Instructions for the task:
Transcribe, word for word, all of the entries below, and exclude any pictures from the copy.

Collected data
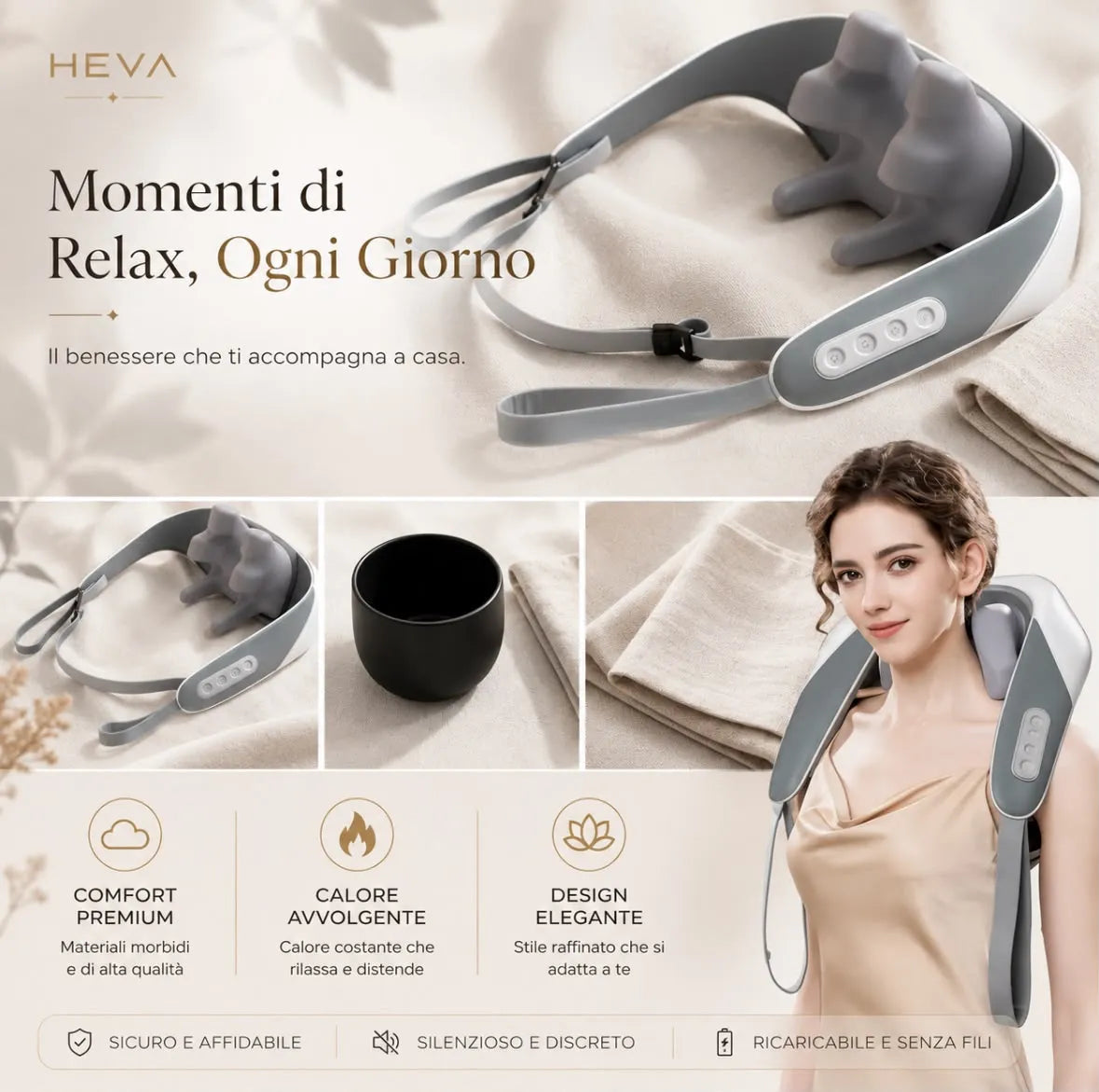 HEVA CervicalRelax™ | Massaggiatore Professionale 4D
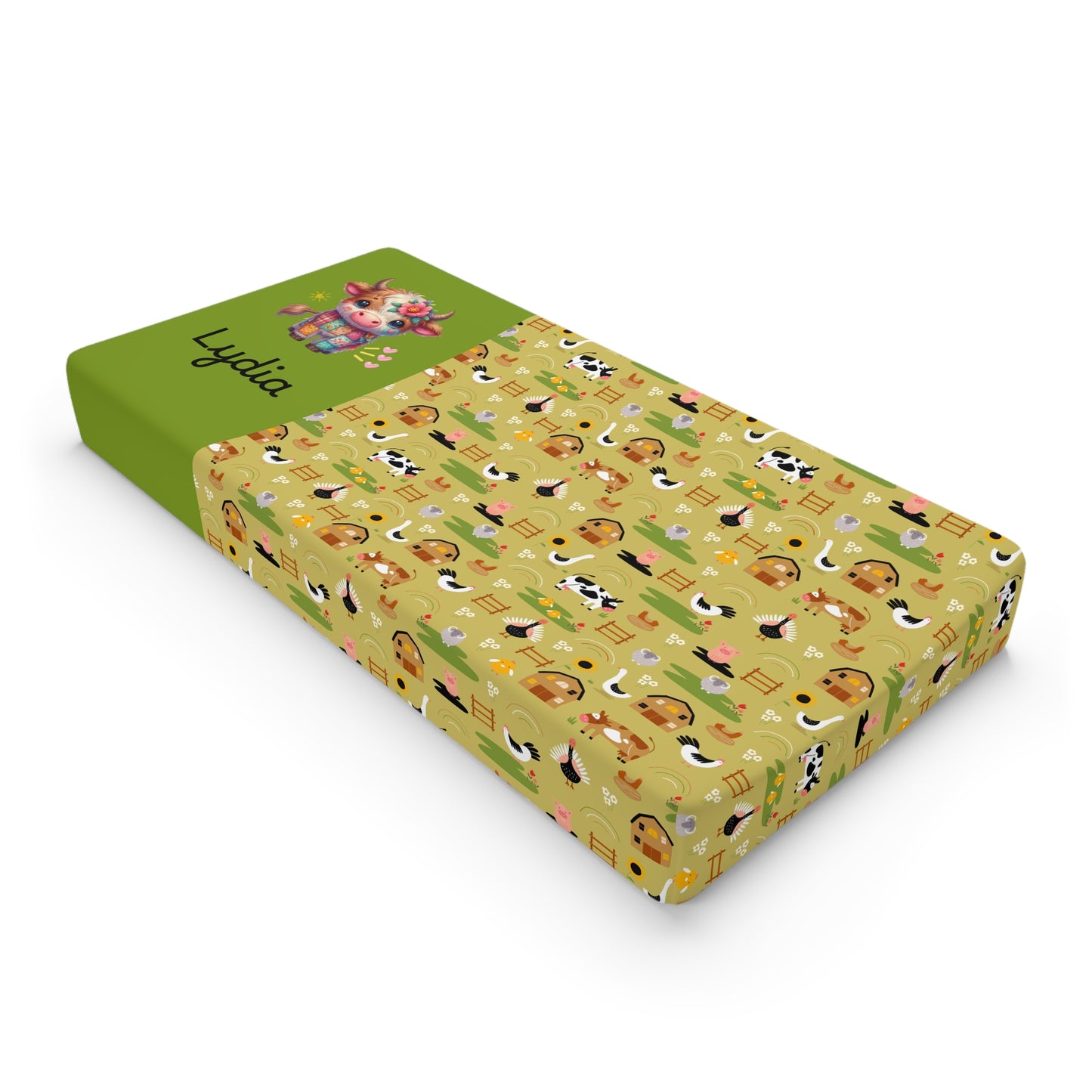 Personalized Safari Animal Baby Changing Pad Cover — Custom Name Nursery Accessory
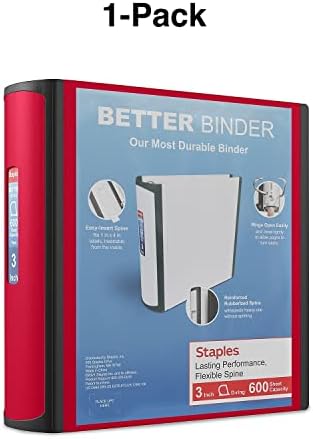 Staples Heavy-Duty 3-Inch D-Ring Binder, Red, Vinyl Cover, 600 Sheets - Image 7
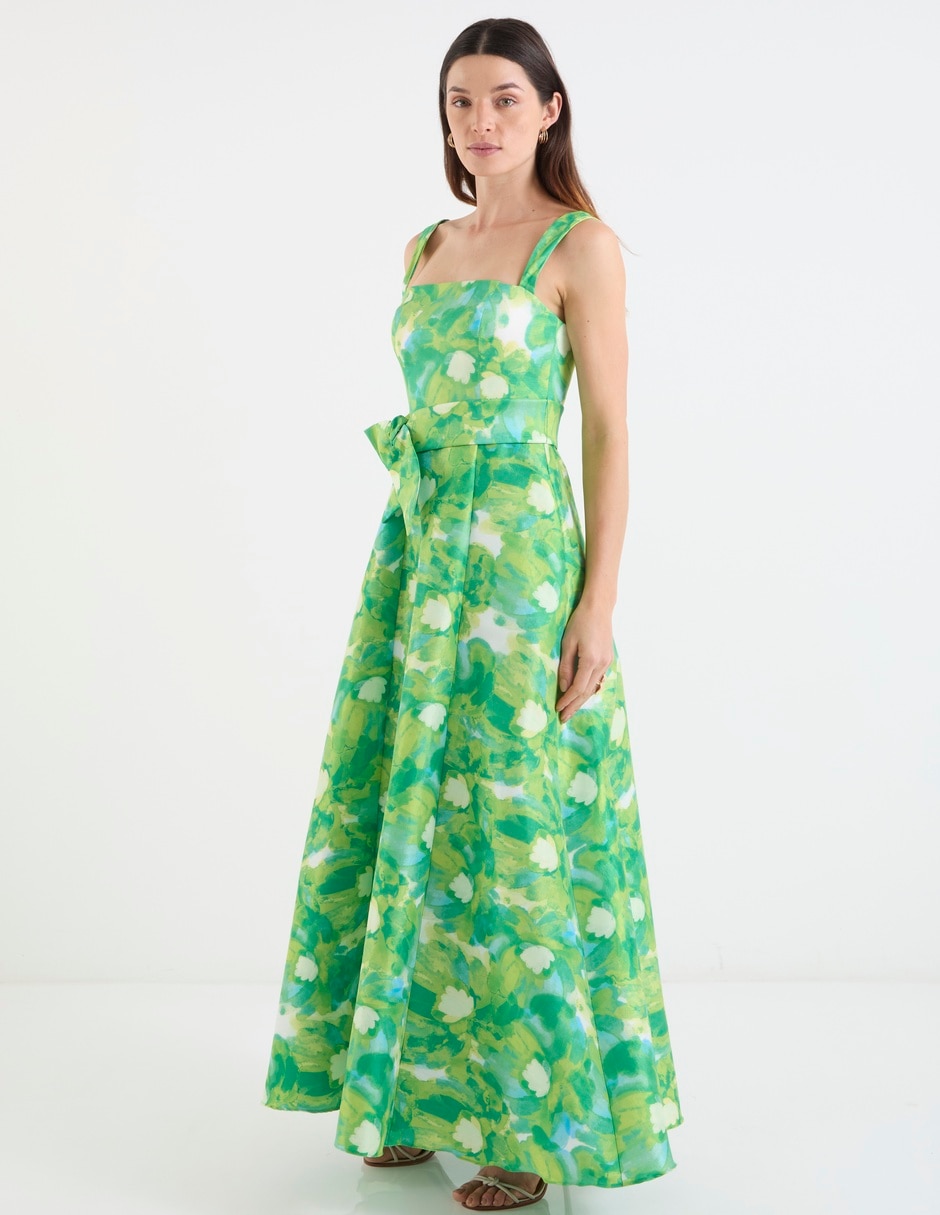 Vestido maxi de fiesta escote cuadrado 1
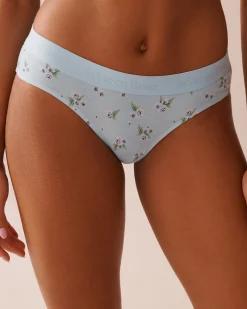 Cotton and Logo Elastic Band Bikini Panty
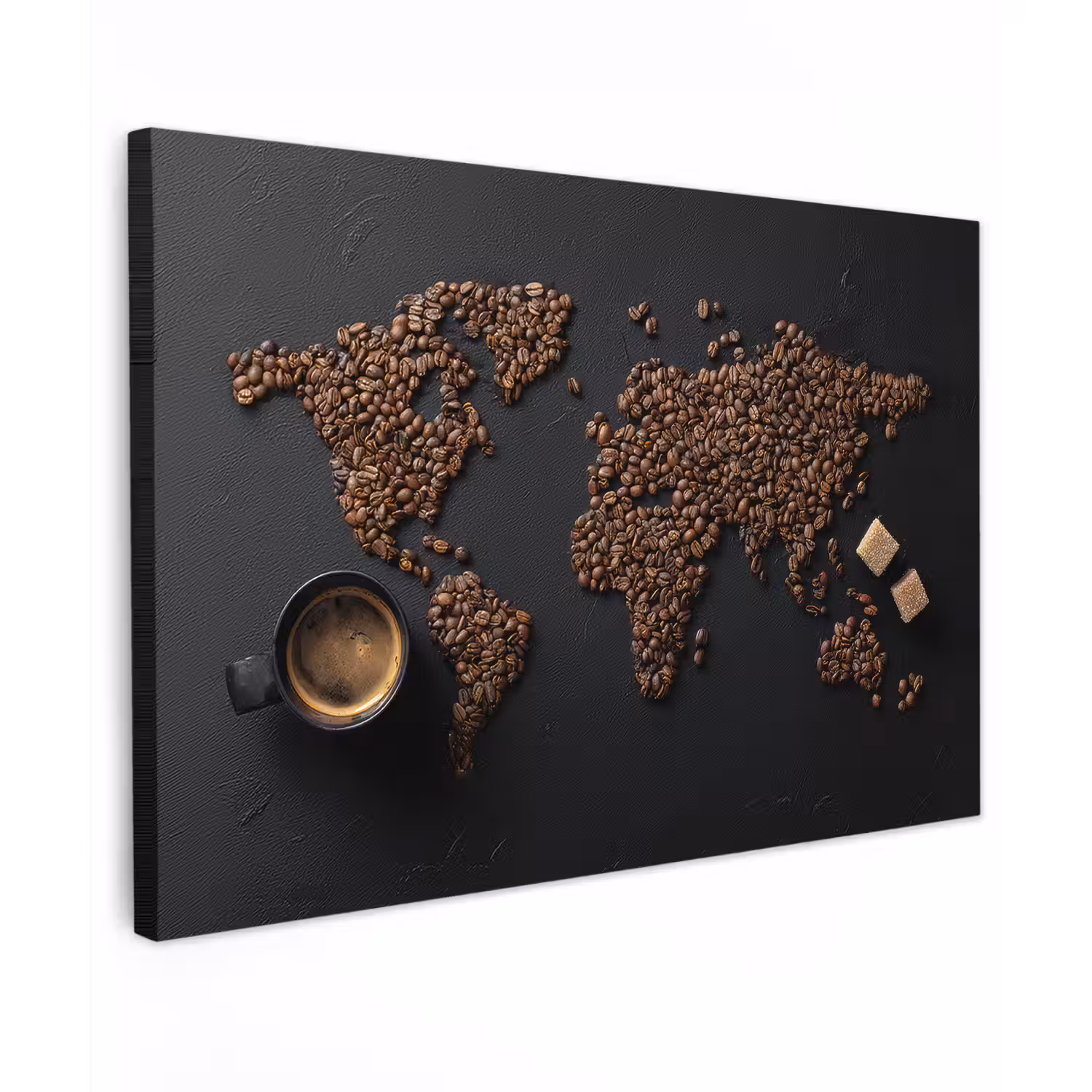 Wereldkaart - Espresso - Zwart canvas 2cm klein -z3d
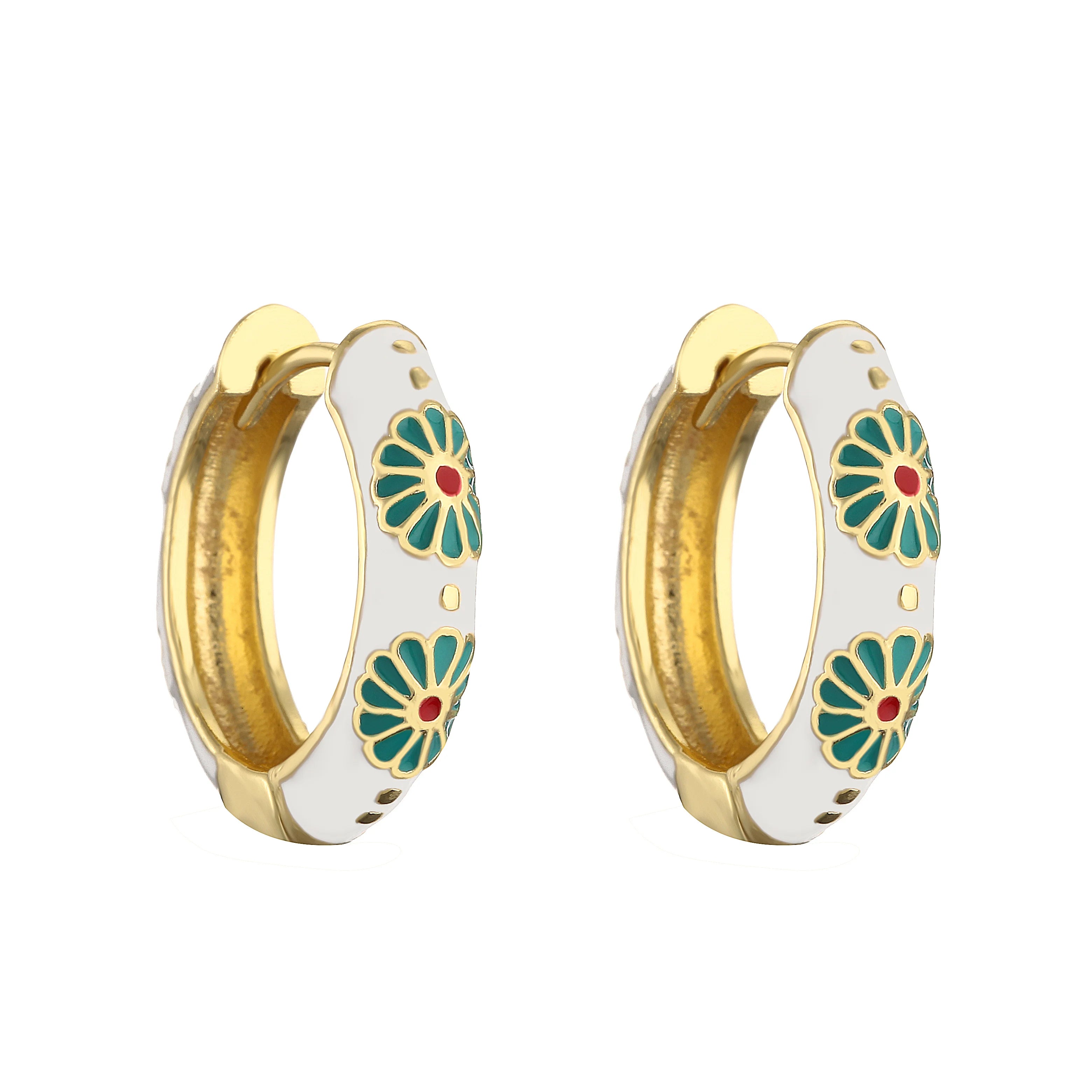 HECHENG, Orecchini a cerchio piccoli con fiori smaltati vintage Dichiarazione geometrica alla moda Cerchio rotondo Huggie Orecchino Gioielli di moda Brincos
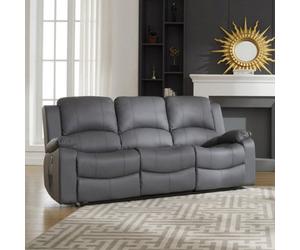 Glendale 201Cm Wide 3 Seat Grey Bonded Leather Electrically Operated 3 Seat Recliner Sofa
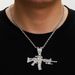 Hot Selling New Diamond Studded Gun Style Alloy Simulation AK Weapon Model Hip-hop Men's Necklace Jewelry_ipsvogv.com
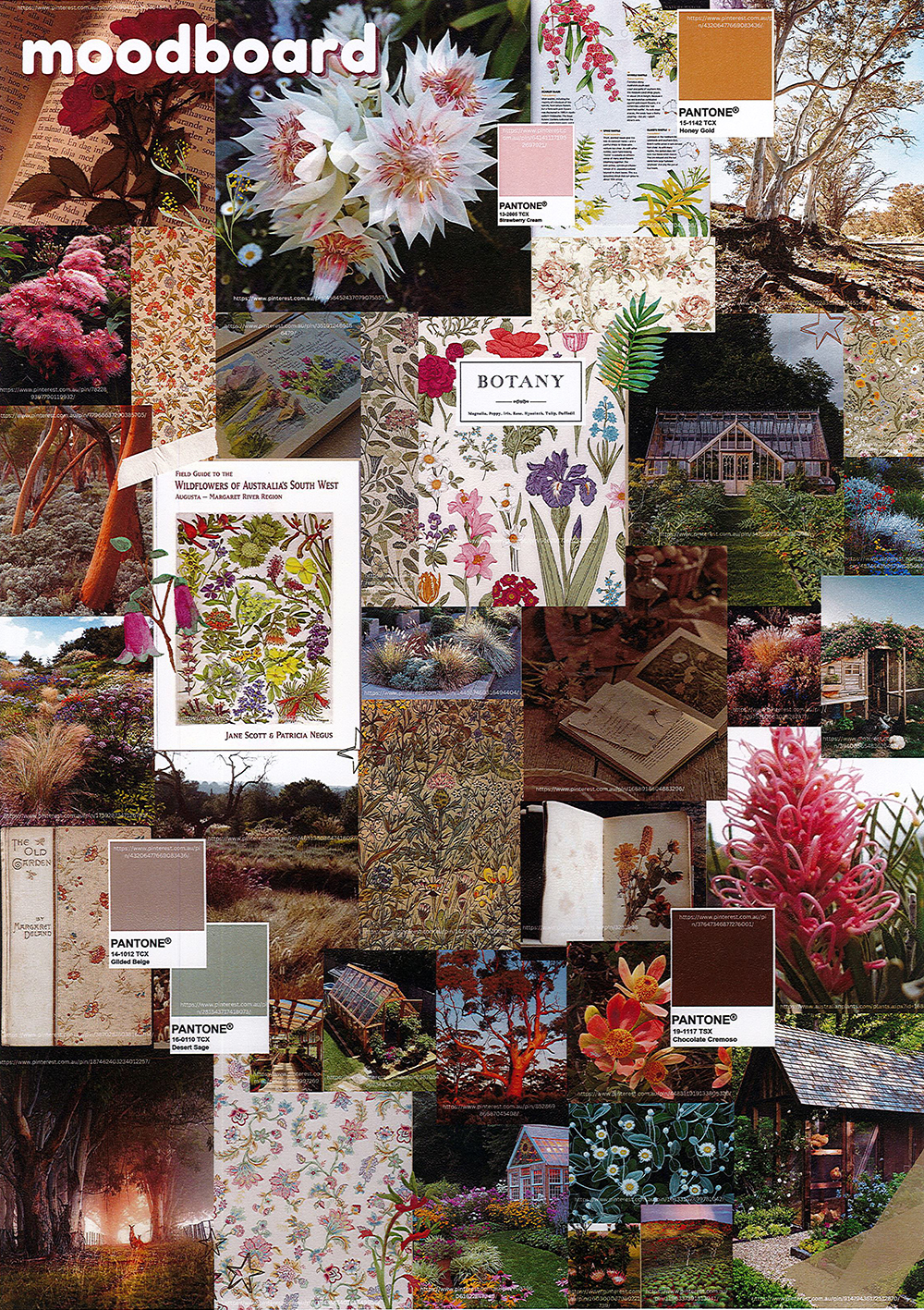 A collage moodboard featuring botanical illustrations, blooming flowers, garden scenes, rustic books, color swatches, and Pantone samples in earthy and floral tones, evoking a natural, vintage, and serene garden aesthetic.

Reply:
 HEVA CervicalRelax™ | Massaggiatore Professionale 4D
 Personalized Safari Animal Baby Changing Pad Cover — Custom Name Nursery Accessory
 Staples Heavy-Duty 3-Inch D-Ring Binder, Red, Vinyl Cover, 600 Sheets - Image 7
 Vestido maxi de fiesta escote cuadrado 1
 Cotton and Logo Elastic Band Bikini Panty
 Wereldkaart - Espresso - Zwart canvas 2cm klein -z3d
 HECHENG, Orecchini a cerchio piccoli con fiori smaltati vintage Dichiarazione geometrica alla moda Cerchio rotondo Huggie Orecchino Gioielli di moda Brincos
 Glendale 201Cm Wide 3 Seat Grey Bonded Leather Electrically Operated 3 Seat Recliner Sofa
 Hot Selling New Diamond Studded Gun Style Alloy Simulation AK Weapon Model Hip-hop Men's Necklace Jewelry_ipsvogv.com
 A collage moodboard featuring botanical illustrations, blooming flowers, garden scenes, rustic books, color swatches, and Pantone samples in earthy and floral tones, evoking a natural, vintage, and serene garden aesthetic.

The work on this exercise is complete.